AT ITS best, rock 'n' roll can be an audacious, liberating thing. Director John Sayles clearly understands the power of such music, setting the birth of rock, and its intersection with the blues, at the heart of his new film, Honeydripper.

Set in 1950, the film tells the story of Pinetop Purvis (Danny Glover), a one-time piano player and the owner of the Honeydripper Lounge, a ramshackle Alabama blues club that is dying for lack of customers--most of whom have jumped ship for a rowdier juke joint.

Purvis decides to gamble everything on a last desperate chance--begging borrowing and stealing enough to hold a show featuring "Guitar Sam," a new electric guitar sensation from New Orleans. When Sam doesn't show, Purvis is forced to take increasingly desperate risks--including springing Sonny, a drifter-musician (played by real-life guitar impresario Gary Clark Jr.) from the clutches of a racist white sheriff, so that he can stand in.

The sheriff has arrested Sonny for the "crime" of vagrancy, with the punishment set as picking cotton--in fields conveniently owned by the local judge (with a kickback to be paid to the sheriff). As in many of Sayles' best films, an examination of race and racism is at the heart of the story. As Sonny remarks getting off the train, the town's name, Harmony, makes it sound "like a good place for a musician."

Review: Movies

Honeydripper, written and directed by John Sayles, starring Danny Glover, Lisa Gay Hamilton and Charles S. Dutton.

"The only night I've ever been in jail was in a town called Liberty," is the dry response he receives. But the tensions in the film aren't only between Black and white (as in Purvis' remark that the Korean war is about "Black folks killing yellow folks to keep white folks happy"). They're also between two generations--one rooted in the blues, and one in rock 'n' roll.

While some critics, such as the New York Times' A.O. Scott, have damned Honeydripper with the faint praise of being too "on the nose" politically (whatever that means), they overlook the brilliant way Sayles uses the music as if it were another character in the ensemble cast.

In jail, for instance, Sonny sings a haunting rendition of Lead Belly's "Midnight Special" ("Ain't no food upon the table/And no fork up in the pan/But you better not complain, boy/You get in trouble with the man"). And rapper Keb' Mo' puts in a turn as a blind bluesman named Possum--who sings the blues classic "Stag-o-lee" (about a gambling game that turns to murder) to accompany a flashback to Purvis' own troubled past--a past that other characters seem destined to repeat.

Sayles, who also co-wrote several of the film's original music numbers, clearly has a deep affection for and understanding of classic rock and the blues. He captures the wonder and danger that music can inspire, as in a standout scene in which Purvis imagines the emotions that the first slave who transgressed by playing a white master's piano must have felt.

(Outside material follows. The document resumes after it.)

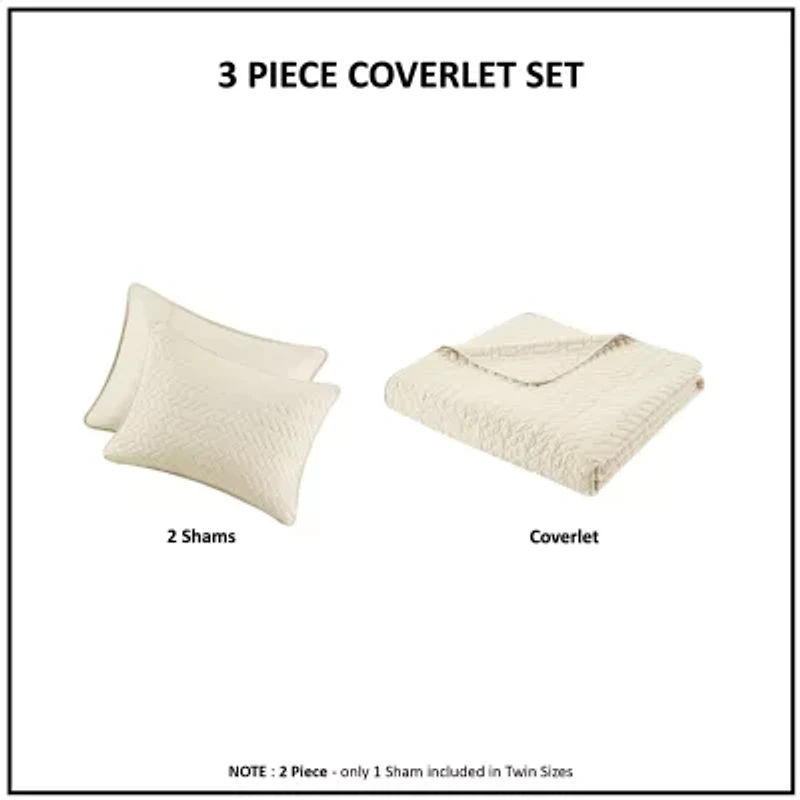 Madison Park Velvet Touch 3-pc. Coverlet Set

Music itself is something of a metaphor for Sayles' style of filmmaking. As he recently told the Pittsburgh Post-Gazette, "I don't think rock 'n' roll is going to come and save us like it does for his character, but there is that thing about being independent that you're also out there on a limb and you kind of have to start from scratch an awful lot."

Or, as the movie makes clear, you can't have rock and roll without some blues along the way.